Right from the start, though, it’s pretty clear that this is a pretty rinky-dink operation. Despite the fact that the DC Universe in 1963 had shown more people from other planets than actual other countries here on Earth, the competition amounts to exactly three (3) people. Here are Superman’s opponents:
In case you can’t tell by their demonstrations of lifting and/or breaking things, Borko and Boscar are pretty hefty in the strength department, which makes sense. If you grew up with a name like “Boscar,” you’d probably end up pretty tough, too.
Any lingering doubts that Superman has about whether or not he should compete are put aside when Rogan unveils the prize for the winner: A giant “power-crystal” that will provide the winner’s planet with limitless energy. With the benefits to Earth outweighing his desire to go back home and have a nap, Superman finally agrees to actually participate in the story that’s going on here, and we move on to that most iconic of Olympic sports: Bowling!
It was at this point that I really started to wonder if Leo Dorfman had ever actually seen or heard of the Olympics.
Considering the super-feats that our hero is able to pull off on a daily basis, a quick round of super-bowling should be a cinch. When he finally gets his shot at the game, however, Superman drops the ball. Literally.
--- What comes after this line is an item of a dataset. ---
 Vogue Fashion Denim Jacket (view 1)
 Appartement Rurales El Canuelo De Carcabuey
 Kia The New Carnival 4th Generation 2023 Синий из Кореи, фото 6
Just in case it wasn’t already hard enough to like Superman in this story, he immediately starts complaining about Red Suns and Kryptonite, only to find that Vorn is a 100 percent Kryptonite-Free environment that orbits a yellow sun. It looks like Superman only has himself to blame, but he still has two more events to make up for it. That’s how long the Olympics are, right? Three events? That sounds right.
Fortunately for Dorfman’s street cred, the next event is a little closer to something you’d actually see in the games, just taken to a totally awesome extreme:
Don’t get me wrong, Michael Phelps is great and all, but until he can win a race while also punching out a Kraken, he can’t tell me nothin’.
Unfortunately, while Boscar and Borko are slugging out sea monsters left and right, Superman’s second stab at competition goes even worse than his first…
…as he’s stopped cold by a giant pink clam and then berated by his high school girlfriend for being a disappointment. Take note, anyone writing a term paper about sexual frustration imagery in pop culture: You can have that one for free.
Hell, take this one while you’re at it:
Yes, Superman is also a washout at the blindfolded javelin toss, and before things can get even more embarrassingly phallic, Rogan finally disqualifies him for being awful. Thus, Superman is booted off the planet and forced into a long ride back home with Lana.
So what gives, Superman? How come you suck so bad at sports?
Well, as you might expect if you’ve ever read a Silver Age Superman story in your life, the whole thing was a hoax! The events were rigged in favor of Borko and Boscar, and while Superman still could’ve won them had he given it the ol’ college try, the alleged “power crystal” would’ve absorbed his energy to power Rogan’s time-traveling asteroid spaceship so that the three crooks could escape to the future. I know, I know: How did we not see that coming?
Fortunately for Superman, he was able to suss out the plan immediately and foiled it by halfassing his way through the competition until he was able to sic the Space Police on them, apparently choosing to do this instead of rounding up the crooks himself because… of… reasons?
Whatever. What matters is that when this year’s Olympics come around, always remember that they’re probably just an elaborate hoax designed to drain your life-force. And remember, kids: Never, ever try your best!